Task goal
Go to the line containing "Navy blue polka dot romper" in the records below and print it and every following line exactly, on through the line containing "6pcs 15x22mm Enamel", then stop.

*** Begin section ***

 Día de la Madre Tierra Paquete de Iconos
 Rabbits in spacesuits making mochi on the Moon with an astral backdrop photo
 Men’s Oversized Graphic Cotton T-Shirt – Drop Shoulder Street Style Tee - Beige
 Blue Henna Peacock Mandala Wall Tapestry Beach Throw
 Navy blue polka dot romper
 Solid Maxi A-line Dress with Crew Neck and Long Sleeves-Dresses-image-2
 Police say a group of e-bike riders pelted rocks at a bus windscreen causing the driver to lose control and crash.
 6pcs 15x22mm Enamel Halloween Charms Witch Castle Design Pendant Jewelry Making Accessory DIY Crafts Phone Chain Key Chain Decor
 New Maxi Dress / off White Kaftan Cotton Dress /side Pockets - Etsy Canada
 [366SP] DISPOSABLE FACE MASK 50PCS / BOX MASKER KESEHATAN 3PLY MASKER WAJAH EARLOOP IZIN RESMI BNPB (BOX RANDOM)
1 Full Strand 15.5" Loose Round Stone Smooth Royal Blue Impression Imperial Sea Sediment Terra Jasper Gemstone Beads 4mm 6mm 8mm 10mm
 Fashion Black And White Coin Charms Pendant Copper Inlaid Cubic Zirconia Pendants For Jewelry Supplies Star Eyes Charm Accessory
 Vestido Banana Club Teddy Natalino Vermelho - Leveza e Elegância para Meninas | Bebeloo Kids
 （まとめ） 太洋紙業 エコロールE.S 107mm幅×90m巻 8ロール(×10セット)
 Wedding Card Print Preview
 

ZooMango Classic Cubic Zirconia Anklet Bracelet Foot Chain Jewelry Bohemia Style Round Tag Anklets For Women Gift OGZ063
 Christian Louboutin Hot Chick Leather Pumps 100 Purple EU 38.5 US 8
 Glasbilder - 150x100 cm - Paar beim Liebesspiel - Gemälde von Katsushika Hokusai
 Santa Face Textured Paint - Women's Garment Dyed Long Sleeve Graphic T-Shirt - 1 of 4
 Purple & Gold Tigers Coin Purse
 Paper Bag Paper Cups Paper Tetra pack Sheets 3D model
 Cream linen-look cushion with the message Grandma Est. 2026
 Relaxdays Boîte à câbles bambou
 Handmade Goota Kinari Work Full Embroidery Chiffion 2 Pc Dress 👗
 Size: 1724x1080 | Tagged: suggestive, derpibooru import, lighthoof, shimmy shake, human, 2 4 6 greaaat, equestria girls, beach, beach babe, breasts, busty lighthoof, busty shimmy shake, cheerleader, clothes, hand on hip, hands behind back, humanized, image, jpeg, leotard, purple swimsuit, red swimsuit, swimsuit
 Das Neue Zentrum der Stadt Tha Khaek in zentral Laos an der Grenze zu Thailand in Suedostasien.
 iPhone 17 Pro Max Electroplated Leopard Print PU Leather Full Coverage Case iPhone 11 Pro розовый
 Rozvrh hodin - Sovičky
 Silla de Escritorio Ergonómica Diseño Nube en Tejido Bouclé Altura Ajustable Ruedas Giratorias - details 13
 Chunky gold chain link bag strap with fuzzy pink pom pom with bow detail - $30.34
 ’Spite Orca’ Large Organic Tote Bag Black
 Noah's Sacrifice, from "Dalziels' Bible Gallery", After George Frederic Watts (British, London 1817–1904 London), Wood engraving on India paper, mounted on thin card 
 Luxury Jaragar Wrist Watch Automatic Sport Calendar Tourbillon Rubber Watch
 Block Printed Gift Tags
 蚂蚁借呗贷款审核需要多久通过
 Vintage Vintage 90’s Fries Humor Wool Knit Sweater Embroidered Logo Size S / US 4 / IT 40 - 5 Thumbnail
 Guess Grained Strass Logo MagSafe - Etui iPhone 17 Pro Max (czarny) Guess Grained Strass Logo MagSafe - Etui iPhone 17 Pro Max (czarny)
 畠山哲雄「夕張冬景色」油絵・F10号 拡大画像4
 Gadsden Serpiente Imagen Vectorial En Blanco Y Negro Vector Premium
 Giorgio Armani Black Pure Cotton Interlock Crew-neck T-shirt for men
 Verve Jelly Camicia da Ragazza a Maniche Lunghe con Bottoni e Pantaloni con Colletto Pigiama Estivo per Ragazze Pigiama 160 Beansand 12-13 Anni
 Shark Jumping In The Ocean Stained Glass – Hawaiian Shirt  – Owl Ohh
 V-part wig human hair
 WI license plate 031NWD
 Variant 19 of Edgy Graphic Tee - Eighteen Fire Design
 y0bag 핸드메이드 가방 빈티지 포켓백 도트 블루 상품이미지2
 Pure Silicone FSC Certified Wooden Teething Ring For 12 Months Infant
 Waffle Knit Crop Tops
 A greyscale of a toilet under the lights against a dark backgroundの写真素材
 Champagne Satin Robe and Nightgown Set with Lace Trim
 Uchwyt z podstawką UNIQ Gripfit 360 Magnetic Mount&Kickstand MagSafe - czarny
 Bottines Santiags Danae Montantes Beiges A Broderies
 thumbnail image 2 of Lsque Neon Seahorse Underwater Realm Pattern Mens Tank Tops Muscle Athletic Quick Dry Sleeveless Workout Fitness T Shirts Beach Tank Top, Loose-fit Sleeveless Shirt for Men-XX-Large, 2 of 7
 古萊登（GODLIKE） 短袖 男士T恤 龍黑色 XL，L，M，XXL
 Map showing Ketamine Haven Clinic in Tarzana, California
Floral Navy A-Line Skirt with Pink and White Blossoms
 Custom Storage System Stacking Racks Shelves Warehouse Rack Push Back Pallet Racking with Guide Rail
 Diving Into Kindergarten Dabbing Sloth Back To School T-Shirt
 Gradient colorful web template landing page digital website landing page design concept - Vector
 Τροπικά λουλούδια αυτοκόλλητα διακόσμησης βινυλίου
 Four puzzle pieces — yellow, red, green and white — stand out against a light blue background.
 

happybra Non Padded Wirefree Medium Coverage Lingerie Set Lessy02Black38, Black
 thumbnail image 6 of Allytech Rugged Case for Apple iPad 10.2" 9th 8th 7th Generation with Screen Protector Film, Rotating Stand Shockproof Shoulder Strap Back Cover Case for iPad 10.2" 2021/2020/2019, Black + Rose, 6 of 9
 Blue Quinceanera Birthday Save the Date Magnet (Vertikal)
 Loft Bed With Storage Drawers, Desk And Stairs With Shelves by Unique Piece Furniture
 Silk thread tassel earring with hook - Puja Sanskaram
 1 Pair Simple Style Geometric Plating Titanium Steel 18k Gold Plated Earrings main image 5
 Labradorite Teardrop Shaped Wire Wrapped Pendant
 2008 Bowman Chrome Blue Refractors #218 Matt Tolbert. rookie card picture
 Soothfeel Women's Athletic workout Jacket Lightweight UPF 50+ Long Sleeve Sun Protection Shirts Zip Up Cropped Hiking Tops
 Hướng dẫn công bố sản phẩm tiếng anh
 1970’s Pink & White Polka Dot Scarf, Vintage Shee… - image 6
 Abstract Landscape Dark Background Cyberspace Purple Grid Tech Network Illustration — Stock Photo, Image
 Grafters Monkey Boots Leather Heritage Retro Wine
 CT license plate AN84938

*** End section ***

Response to this exercise
 Navy blue polka dot romper
 Solid Maxi A-line Dress with Crew Neck and Long Sleeves-Dresses-image-2
 Police say a group of e-bike riders pelted rocks at a bus windscreen causing the driver to lose control and crash.
 6pcs 15x22mm Enamel Halloween Charms Witch Castle Design Pendant Jewelry Making Accessory DIY Crafts Phone Chain Key Chain Decor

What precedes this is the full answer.